En este país es frecuente hablar de los gobiernos y de los partidos, pero se llega a marcar alguna distancia de ofensa permisiva con su base social. Las estructuras que los sostuvieron al engranarse en un esquema que les dio frutos, siendo o no beneficiarias emblemáticas de él. Un enramado completo que extendió todos los brazos posibles del poder, de la fuerza urbana al control rural, para dominar el espectro emotivo e ideológico de un país.
A través de una relación de premios y castigos a subalternos, a gobernados y a estructuras, se impuso un aparato en el que la carga intermedia se depositó sobre los monolitos clientelares —centrales, sindicatos, confederaciones—. Todos ellos envejecieron y con sus arrugas resquebrajaron el sistema.
La estructura del partido, su sistema, fue por mucho tiempo la del país. Con todo y la carga trágica que esto lleva. Hoy se busca la reinvención de un sistema nacional bajo el que ruedan todos los engranes a partir de uno central, los instrumentos de la Presidencia.
El país se había hecho a las maneras de un partido y sistema que recuerda la facilidad de una sociedad para adoptar la cultura de quien logra conformar más que un gobierno, una organización política, o un movimiento, la suma de ellos. Su evolución se traduce en el perfeccionamiento de un esquema. Ya no se necesita el monolito que soportó mal la vejez. El gobierno, intermediario natural del Estado, fracciona las entidades que llegaron a depender de sus brazos de control y al encargarse directamente de estímulos, prebendas y apoyos, se convierte en el Estado mismo.

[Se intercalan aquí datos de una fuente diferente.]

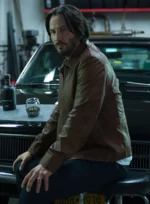 Keanu Reeves John Wick Leather Jacket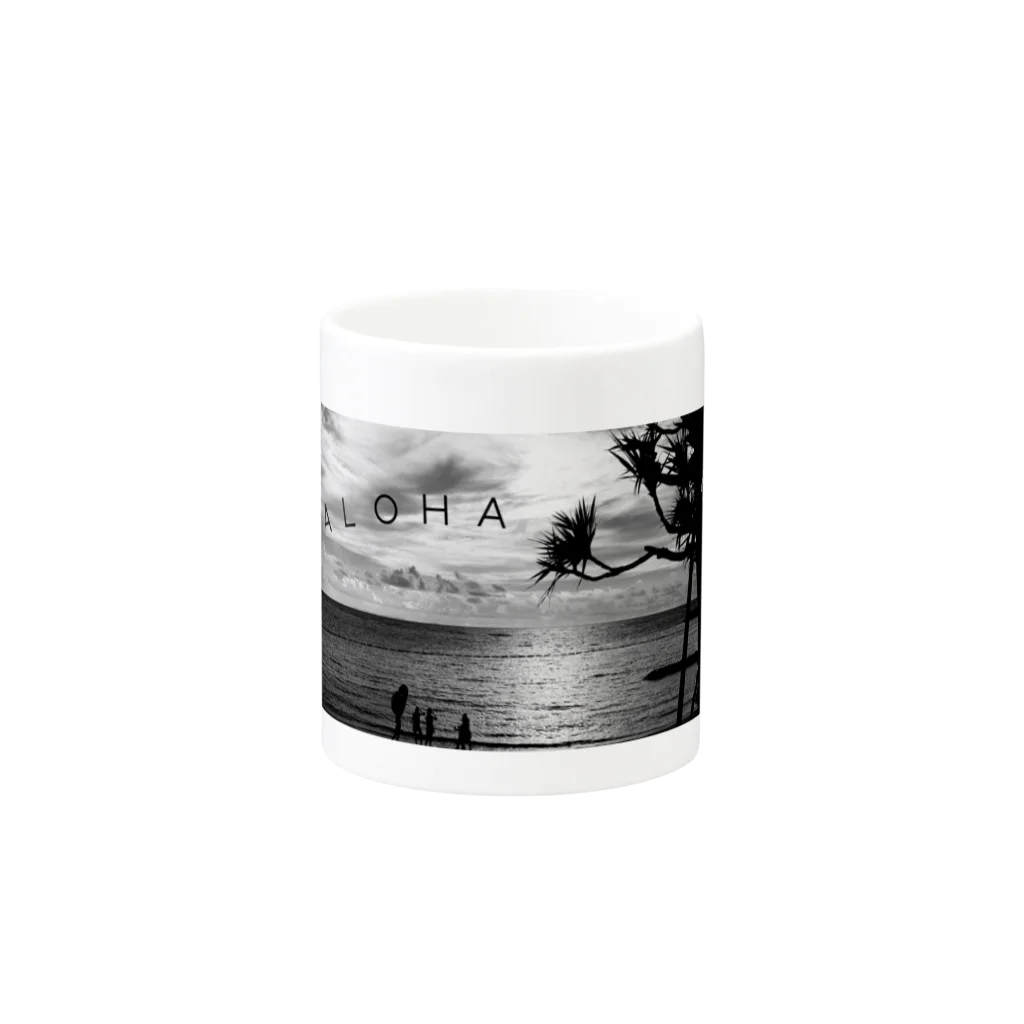 you'n'meのokinawaloha Mug :other side of the handle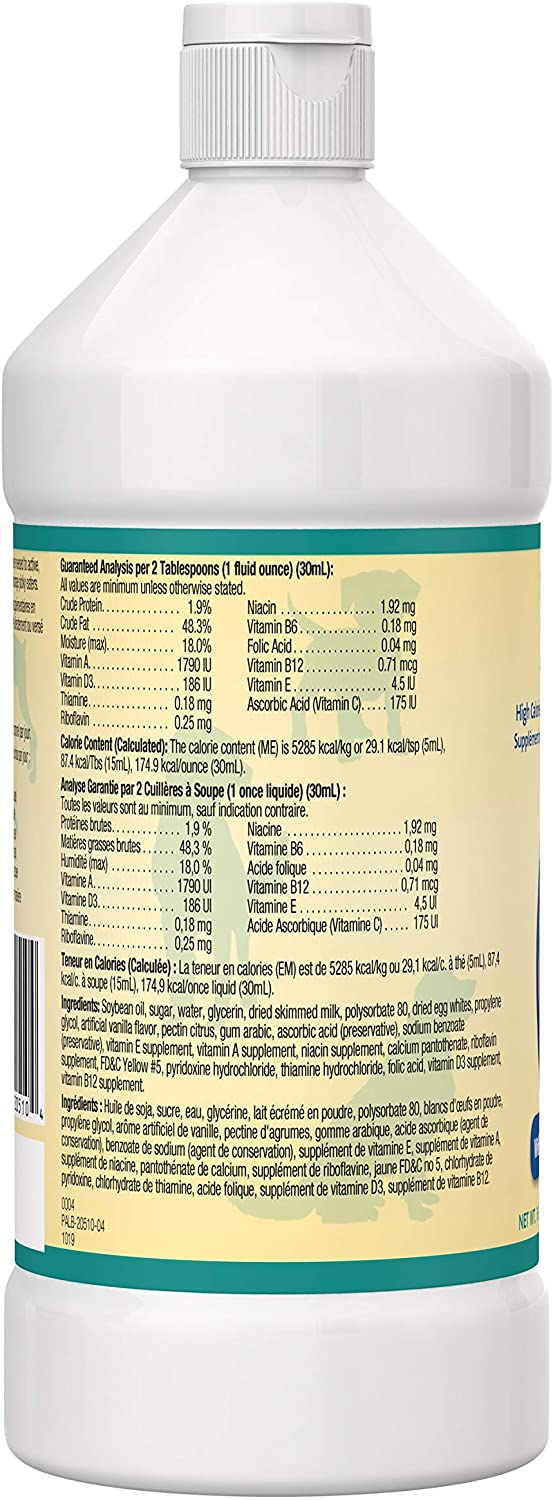 Dyne High Calorie Liquid Nutritional Supplement for Dogs and Puppies, 16 oz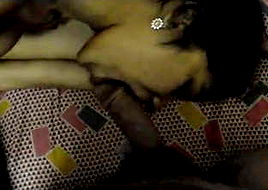 Sucking her husband dick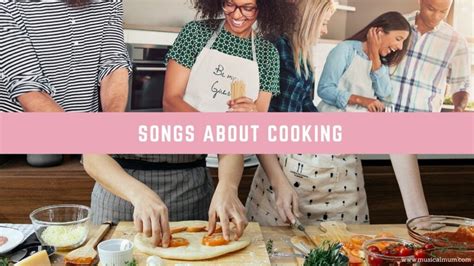 30 Songs About Cooking - Musical Mum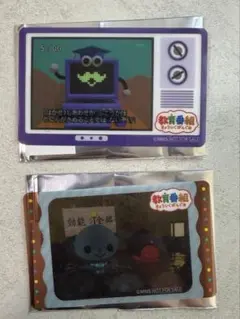 教育番組　プライズ　GIGO クリアカード　後半　2種セット　タマ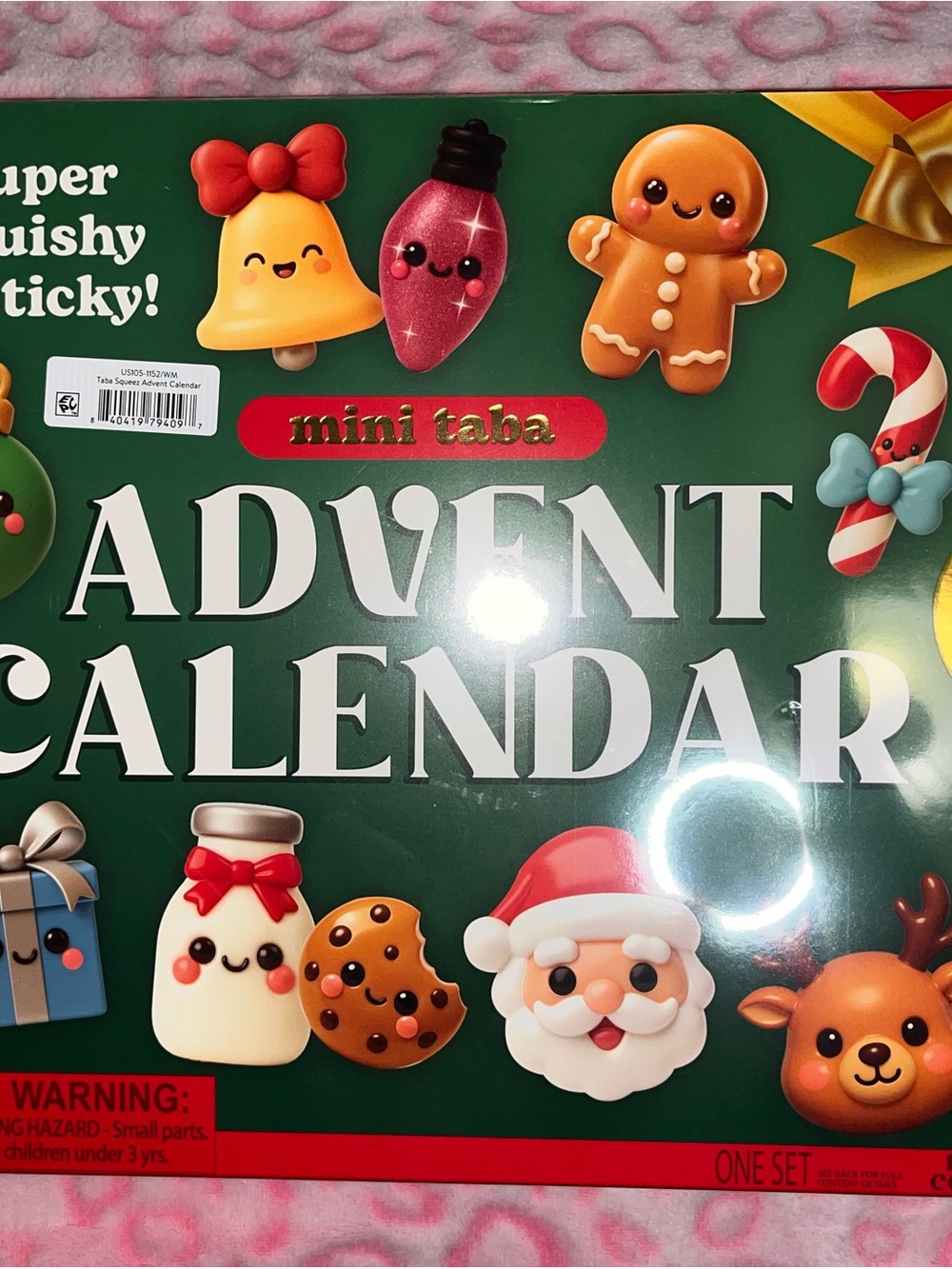 New & Sealed! Mini Taba Advent Calendar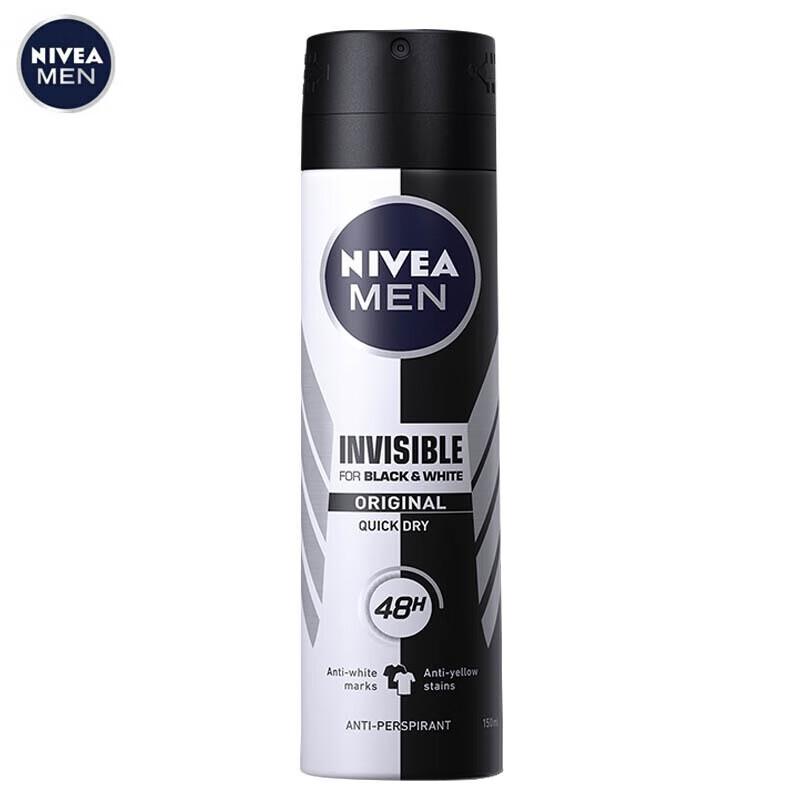 Nivea Men Black & White Invisible Antiperspirant Spray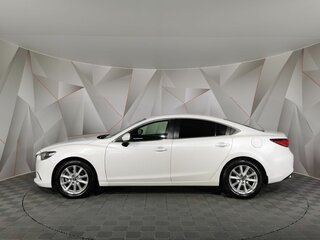2015 Mazda 6 III (GJ) Рестайлинг, белый, 1305150 рублей, вид 5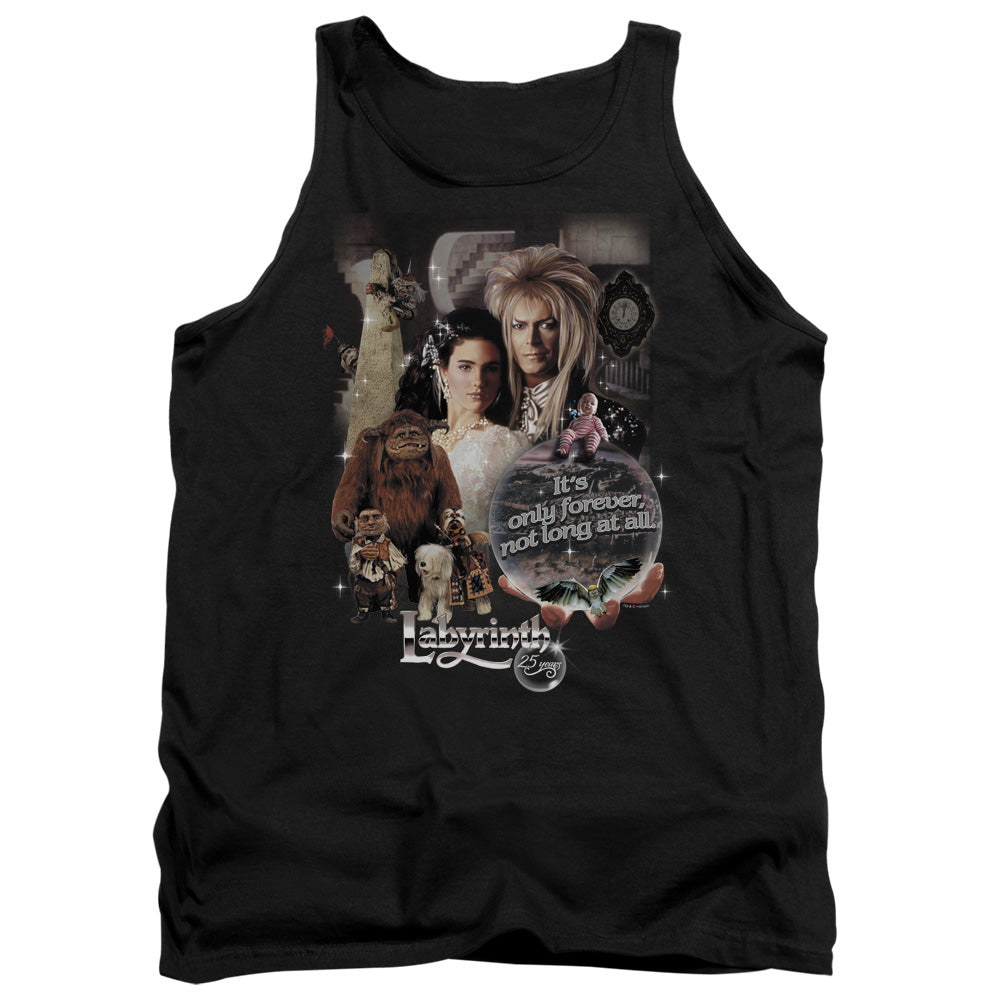 Labyrinth - 25 Years Of Magic - Adult Tank - Black
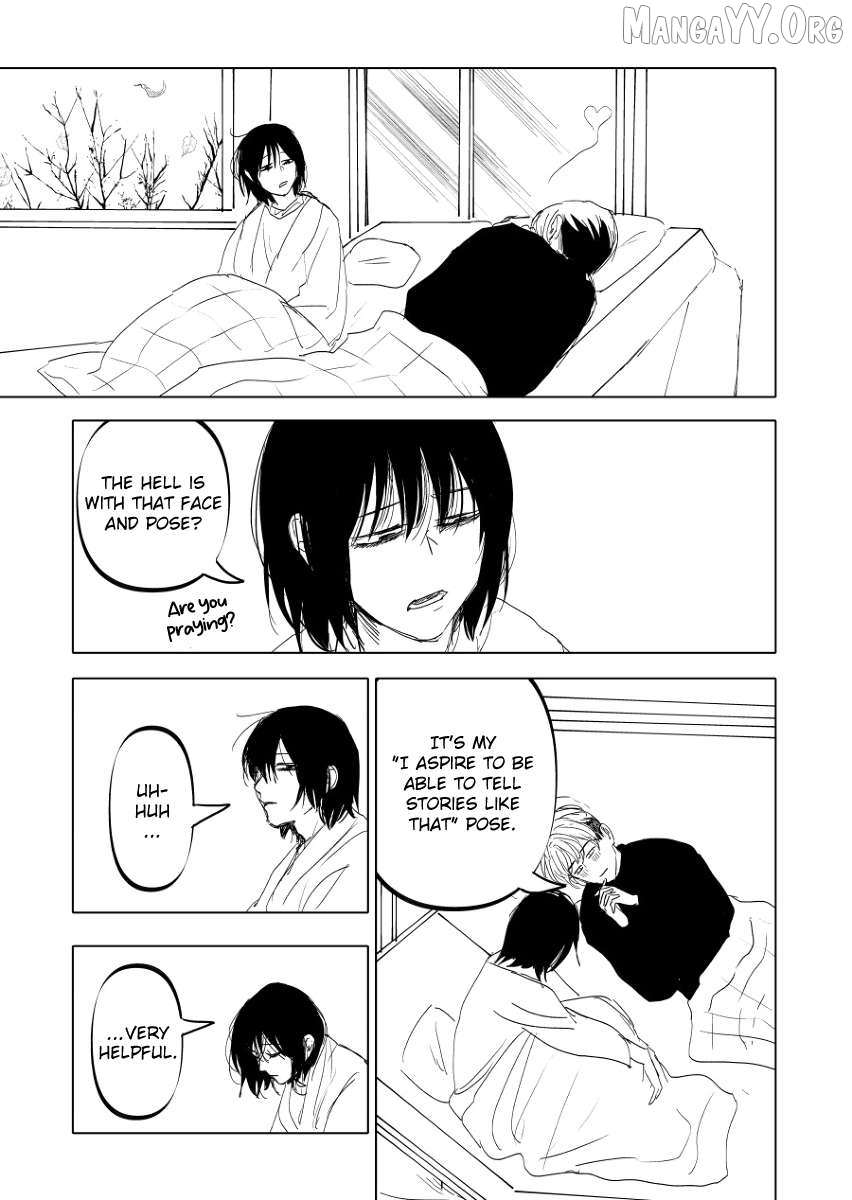 Urekkoka X Utsubyouka Chapter 13.2 page 14
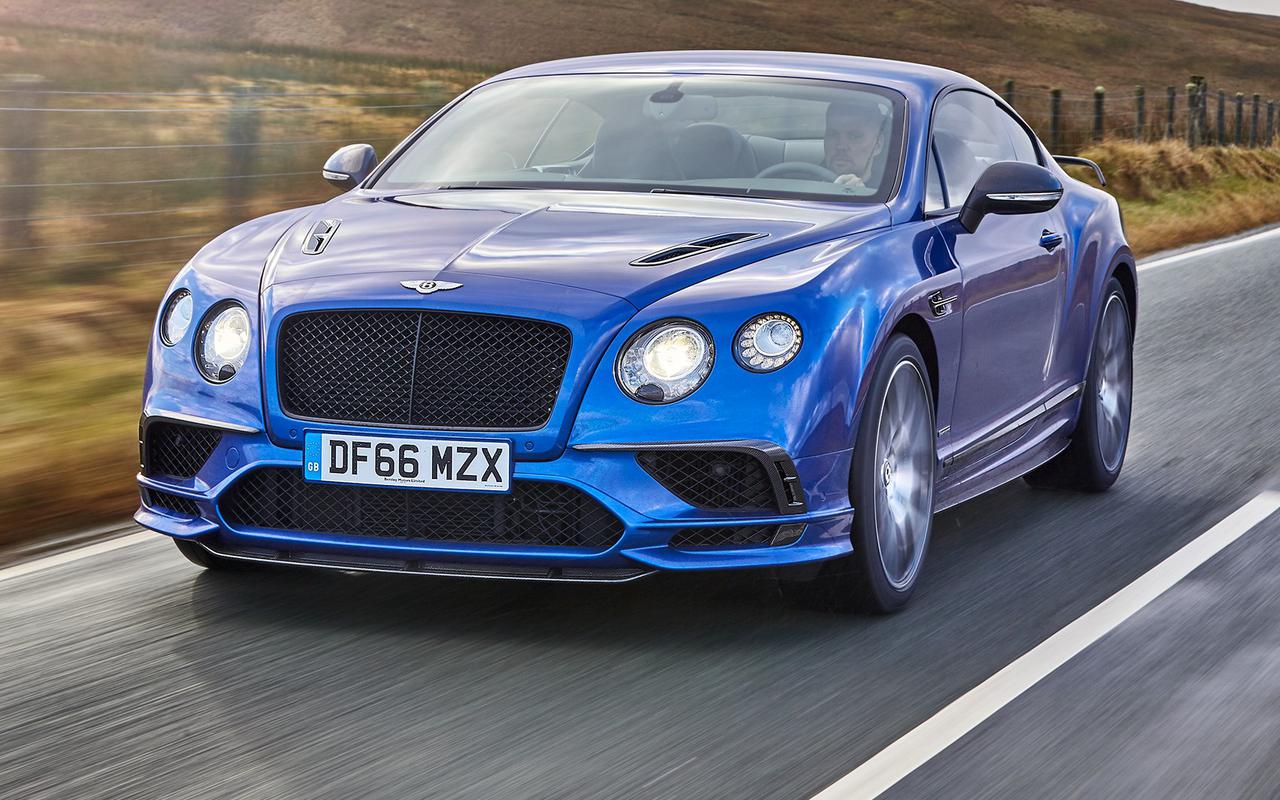 Bentley car is for people with a sophisticated taste.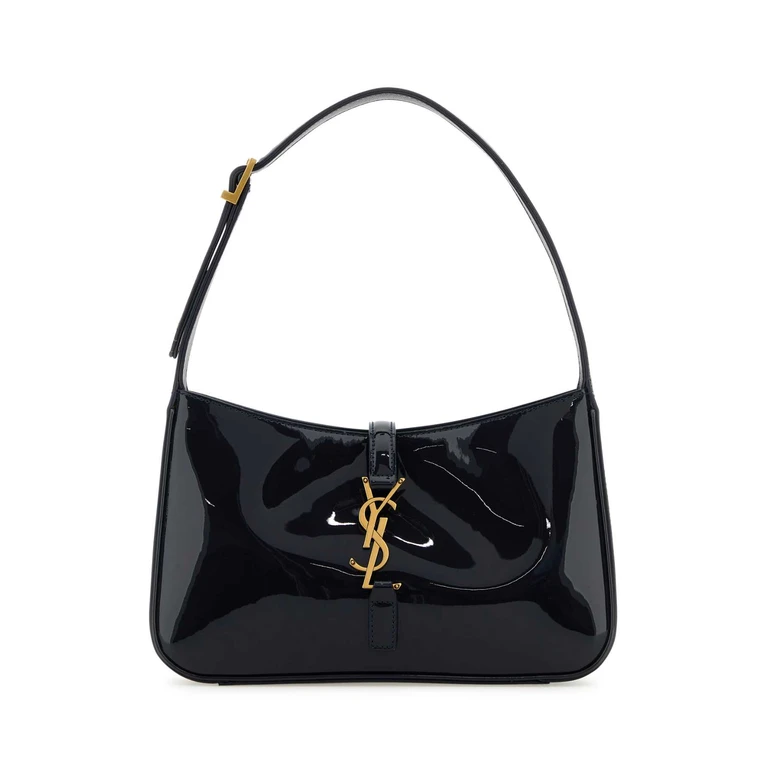 Saint Laurent Midnight Blue Leather Le 5 Ã 7 Shoulder Bag Dknotte Borse A Mano - Women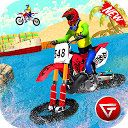 Descargar la aplicación Beach Water Surfer Dirt Bike: Xtreme Raci Instalar Más reciente APK descargador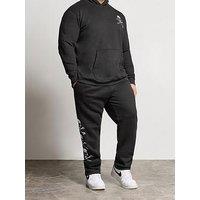 Badrhino Skull Joggers - Black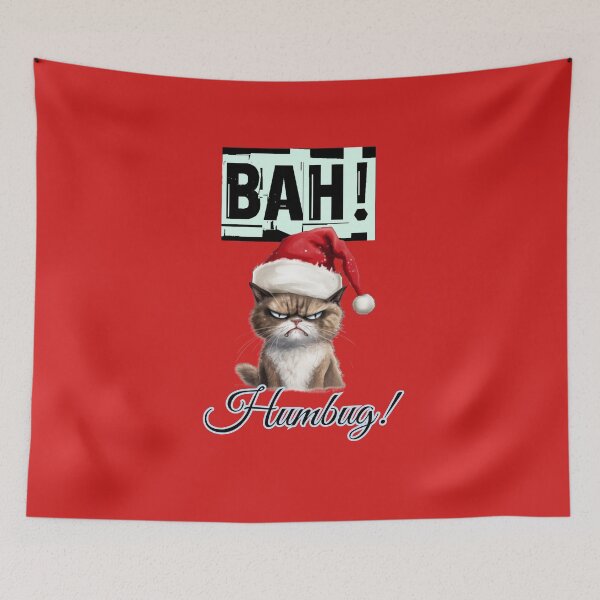 Item preview, anti Christmas designed and sold by TEEJAMBOREE.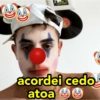 99 acordei cedo atoa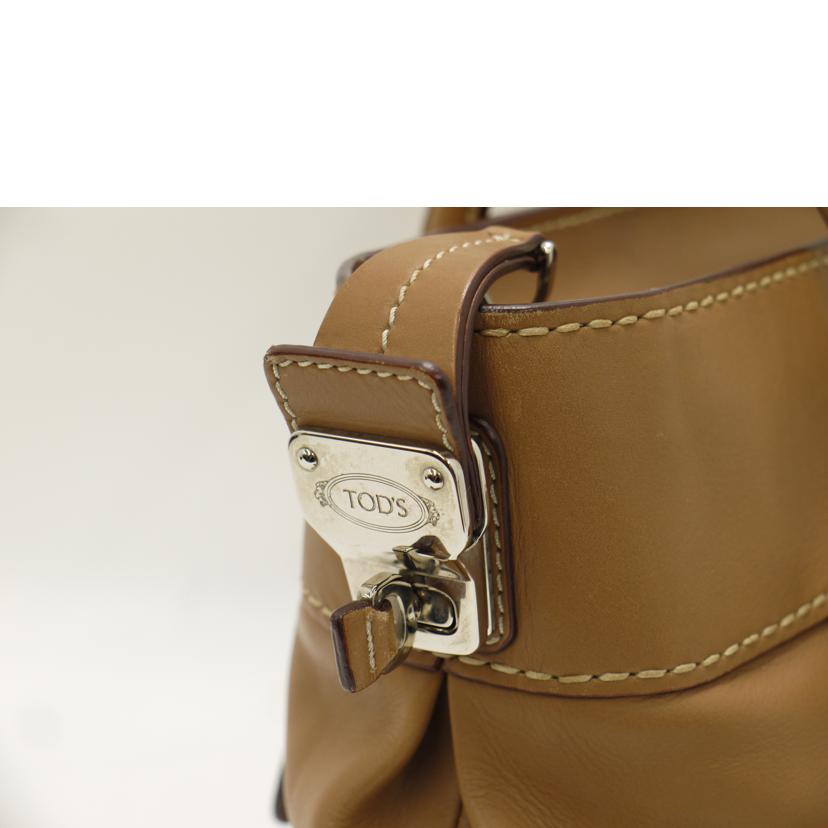 TOD’S トッズ/TOD’S　　レザーバッグ//Aランク/69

La subordinación es característica de la política mexicana a lo largo de casi toda nuestra historia. La relación entre los poderes del sistema no es necesariamente el Presidente, como el instrumento del Presidente: la ley. Su ley. Por eso la transforma conforme a los intereses de cada proyecto específico. La adecuación continua de la ley convierte a la Presidencia en un mediador que se quiere dar el lujo de permanecer, ya que lo modificable serán los límites de su operación. Esta permanencia no se erige en la figura individual de la Presidencia, como en la perpetuidad del sistema que lo cobija. Hasta que se enfrente a la incapacidad se sortear una nueva vejez con su cúmulo de conflictos internos, de agotamientos.